WHAT NEEDS TO BE DONE:
Word for word, repeat everything in the records below except the pictures.

MATERIAL TO PROCESS:

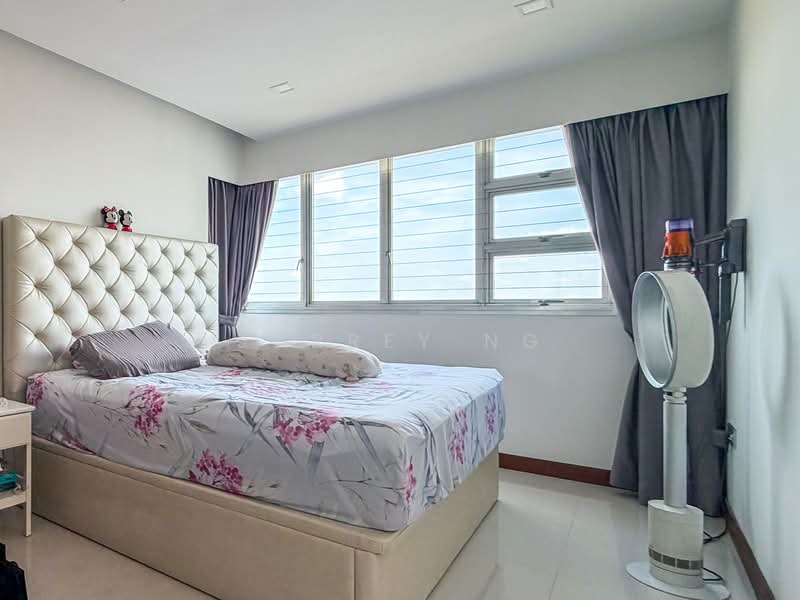 130B Lorong 1 Toa Payoh HDB Flat For Sale at S$ 1,188,000 | PropertyGuru Singapore - Bedroom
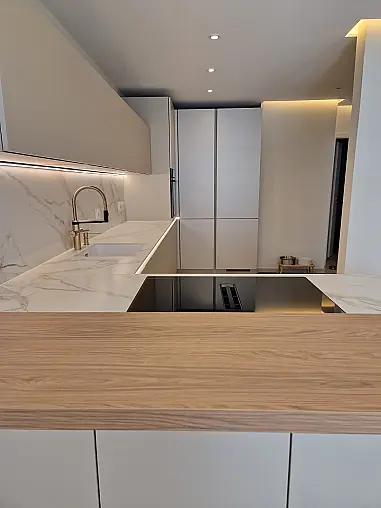 Exklusive Designküche mit Neolith-Keramik, Blanco CHOICE und
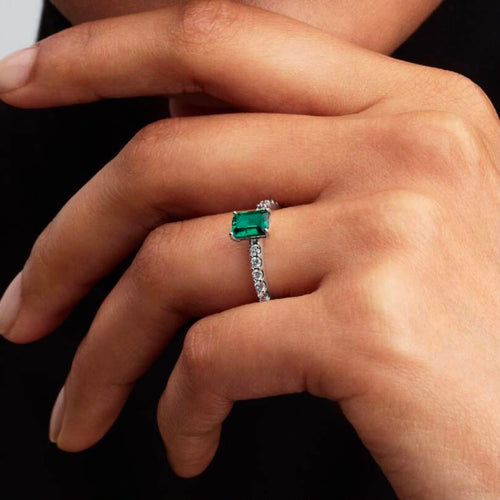 Anillo de zirconia verde puesto en la mano
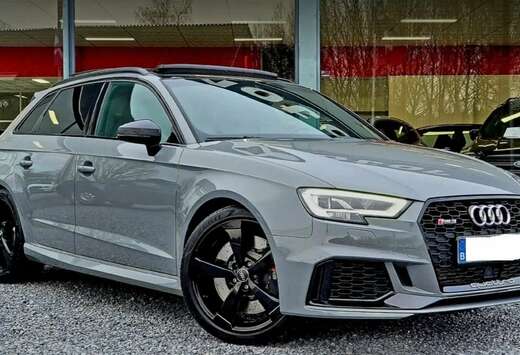 Audi RS3 // Toit Pano // RS Seats chauf // Clim bi-zo ...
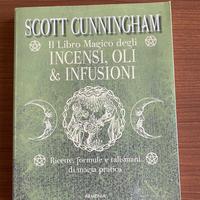 Il Libro Magico degli Incensi, Oli e Infusioni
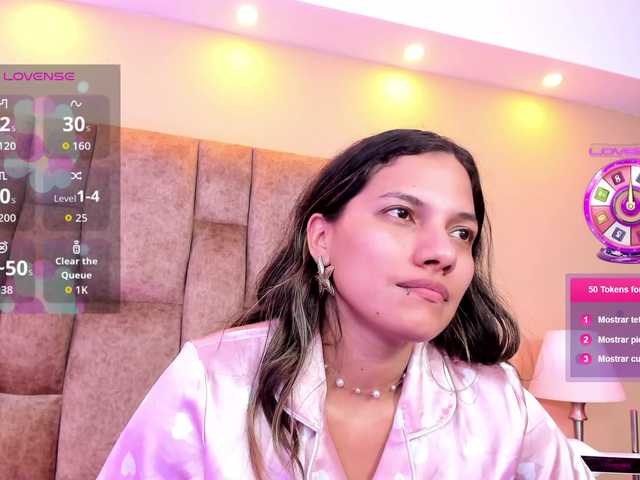 EmmaSanchez1 live cam on BongaCams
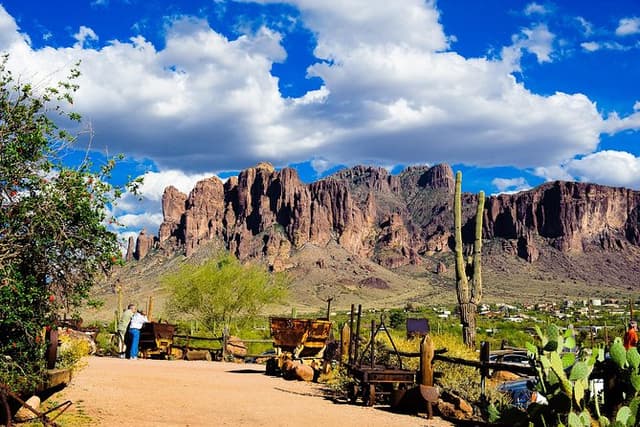 Small Group Apache Trail Day Tour with Dolly Steamboat from Phoenix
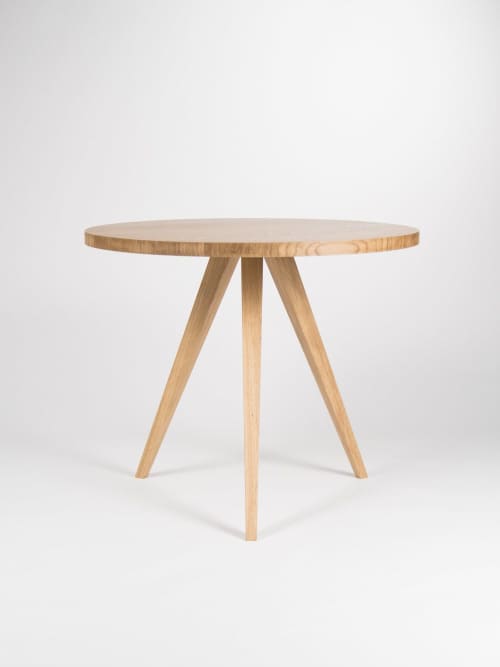 White oak Round dining table or kitchen table | Tables by Mo Woodwork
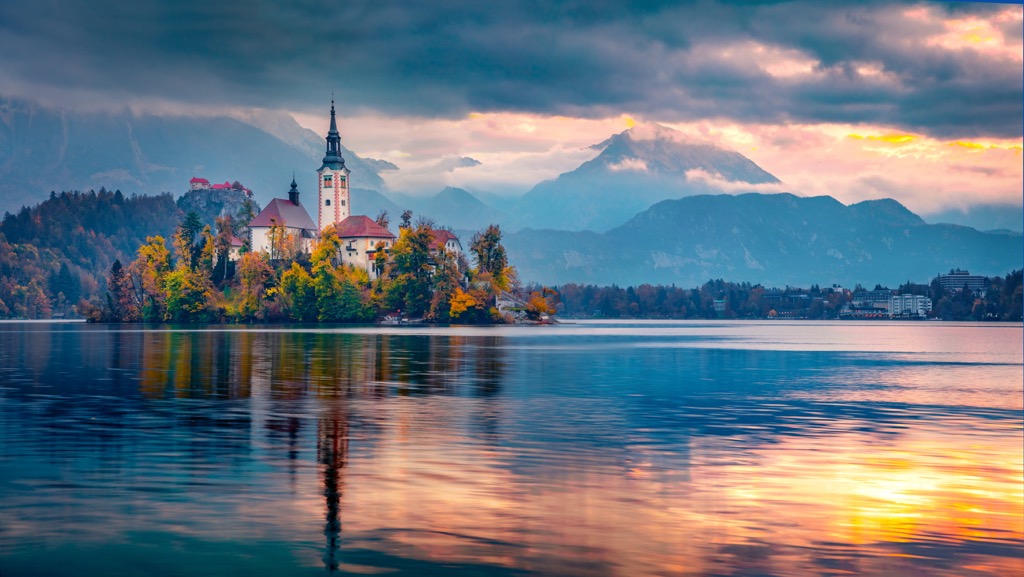 Pilgrimage Church of the Assumption of Maria on Lake Bled. October is the best time to explore the lake without excessive crowds. Fall Foliage in Europe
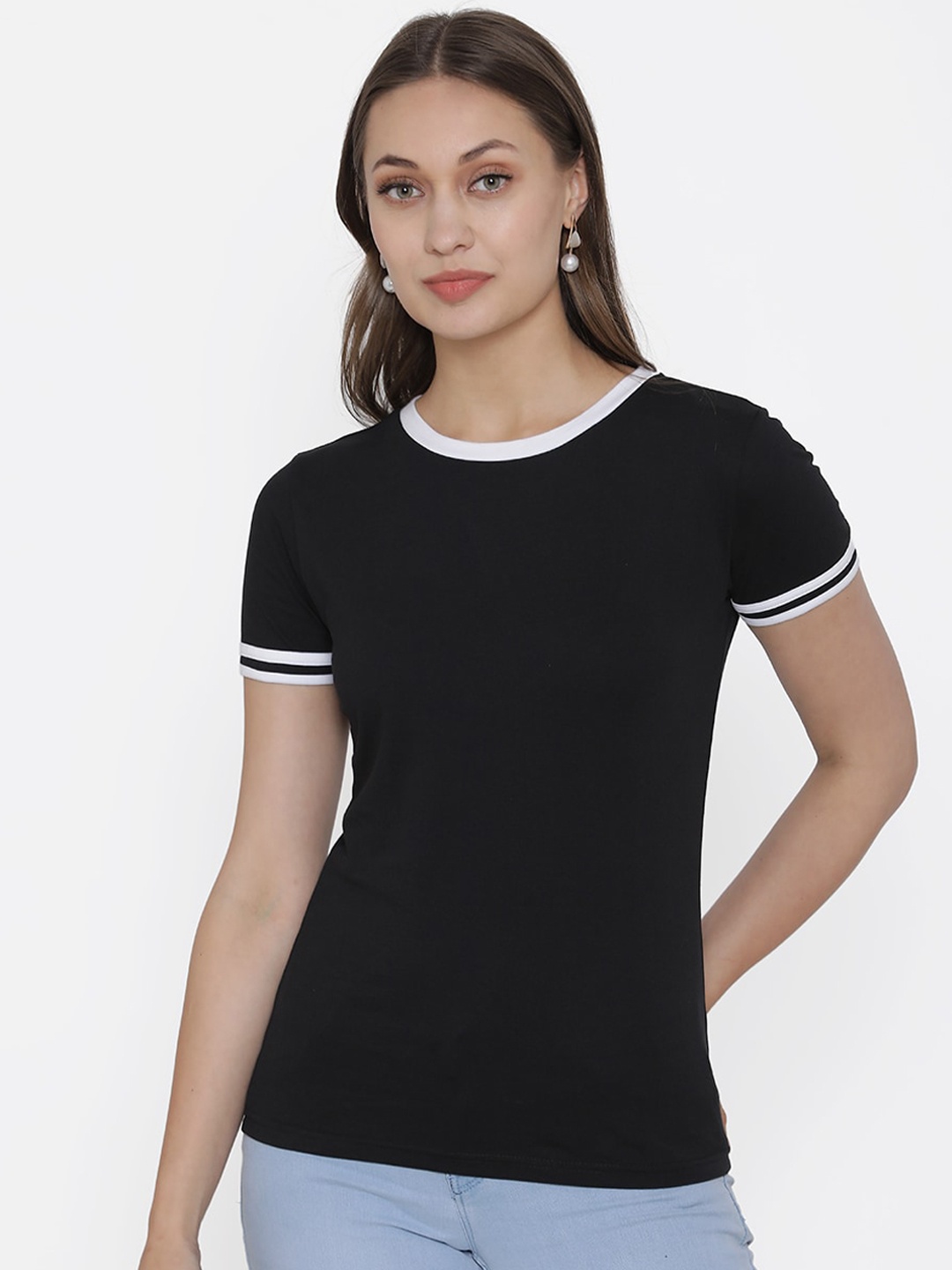 

DOOR74 Women Black Solid Round Neck T-shirt
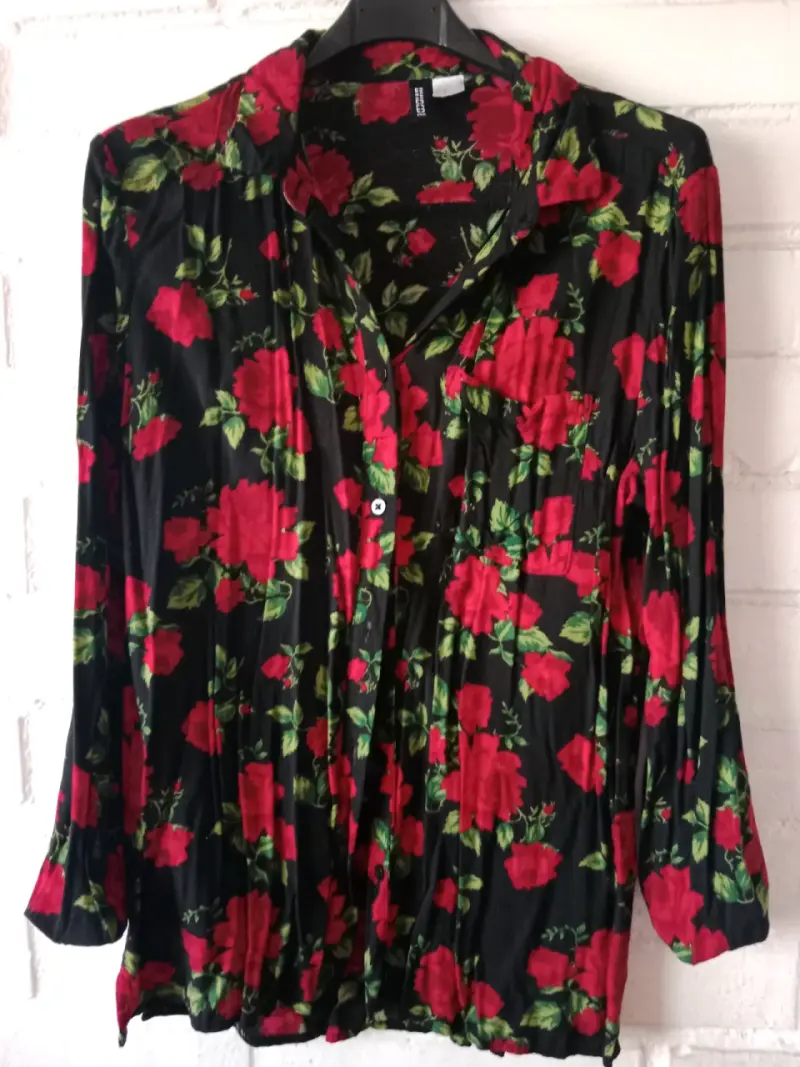 Lote de poleras y blusas variadas - 3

RESPONSE TO THIS EXERCISE:
 130B Lorong 1 Toa Payoh HDB Flat For Sale at S$ 1,188,000 | PropertyGuru Singapore - Bedroom
 Exklusive Designküche mit Neolith-Keramik, Blanco CHOICE und
 Anillo de zirconia verde puesto en la mano
 Audi RS3 // Toit Pano // RS Seats chauf // Clim bi-zo ...
 Il Libro Magico degli Incensi, Oli e Infusioni
 EmmaSanchez1 live cam on BongaCams
 Small Group Apache Trail Day Tour with Dolly Steamboat from Phoenix
 White oak Round dining table or kitchen table | Tables by Mo Woodwork
 Pilgrimage Church of the Assumption of Maria on Lake Bled. October is the best time to explore the lake without excessive crowds. Fall Foliage in Europe

DOOR74 Women Black Solid Round Neck T-shirt
 Lote de poleras y blusas variadas - 3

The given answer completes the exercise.